La grande question qui demeure est de savoir si les différentes parties parviendront à un accord de sorte que la mise en œuvre de cette réforme se fasse cette année même.
Sur un autre registre, OTRAGO avait souligné dans un rapport dédié à la réforme des retraites que la structure révisée à travers l’étude présentée par le gouvernement comprenait un ensemble de changements majeurs dans la structure et le système des fonds de retraite, dont le plus important est l’adoption d’un plafond unifié pour le système de base égal à deux fois le salaire minimum tant dans le secteur public que dans le secteur privé, ainsi que l’introduction d’une pension complémentaire obligatoire et une autre pension complémentaire pour ceux qui en ont les moyens, en supprimant le pourcentage et en le remplaçant par des points… entre autres changements.
Le rapport d’OTRAGO alerte sur la faiblesse du système de base approuvé pour le calcul du seuil d’indemnisation de la retraite et l’hypothèse incompréhensible concernant la retraite complémentaire ultérieure et son caractère obligatoire pour certaines catégories et l’entité chargée de la gérer et de la surveiller.
Il rappelle par ailleurs l’épineuse problématique des arriérés de l’État (25 Mds de DH) et note l’absence de vision concernant l’amélioration des rendements des investissements des caisses, ni l’amélioration de leur efficacité et l’évaluation de leur fiabilité et ce malgré les recommandations de la Cour des comptes ou le rapport de la commission d’enquête au sein du Parlement à ce sujet.

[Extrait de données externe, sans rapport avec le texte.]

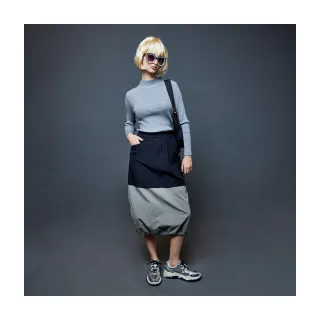 【Le Polka】撞色拼接工裝長裙-女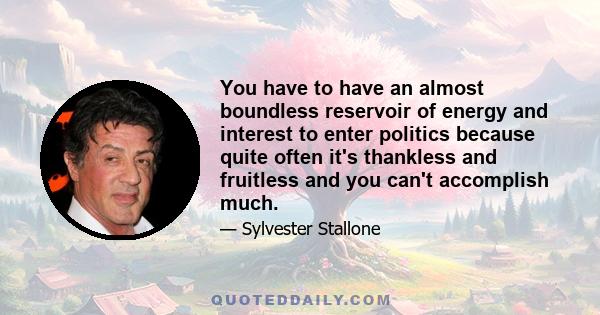 You have to have an almost boundless reservoir of energy and interest to enter politics because quite often it's thankless and fruitless and you can't accomplish much.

En effet, l’approche de réforme à sens unique repose uniquement sur trois mesures (relèvement de l’âge de la retraite, réduction des indemnités de retraite, et augmentation de la valeur des cotisations, sans propositions sur l’amélioration de la politique de placements ou sur la gouvernance des caisses.
Pour une réforme juste, globale et durable, Otrago propose d’adopter un programme de réforme à moyen terme d’au moins 10 ans tout en reconsidérant les lois régissant la gestion des réserves des fonds de retraite de manière à augmenter le rendement de leurs investissements d’au moins 8 ou 9% par an et à améliorer leur contribution au financement de l’économie nationale.
Autre recommandation, la suppression de l’exception accordée à la Caisse Nationale de Sécurité Sociale dans la gestion de ses fonds de réserve, afin qu’elle puisse augmenter ses rendements, résoudre le problème du déficit et accroître la durabilité de ses réserves.
Aussi, cette réforme des retraites doit être menée dans le cadre des orientations de réforme globales et appropriées pour chacun des systèmes de retraite, de la Caisse de compensation, de l’impôt sur le revenu et une amélioration du tarif national de référence, pour garantir que la réforme n’affecte pas le pouvoir d’achat des retraités.
Sans oublier d’exonérer les salariés et les salariés de plus de 55 ans de tout impact d’une réforme attendue et de mettre en place des dispositions fiscales solidaires précises pour le financement du chantier de la protection sociale particulièrement la généralisation de la retraite.
C’est dire que plusieurs difficultés s’érigent face à une réforme globale et durable de la retraite auxquelles le gouvernement devra trouver des solutions en urgence au risque de jouer indéfiniment les prolongations.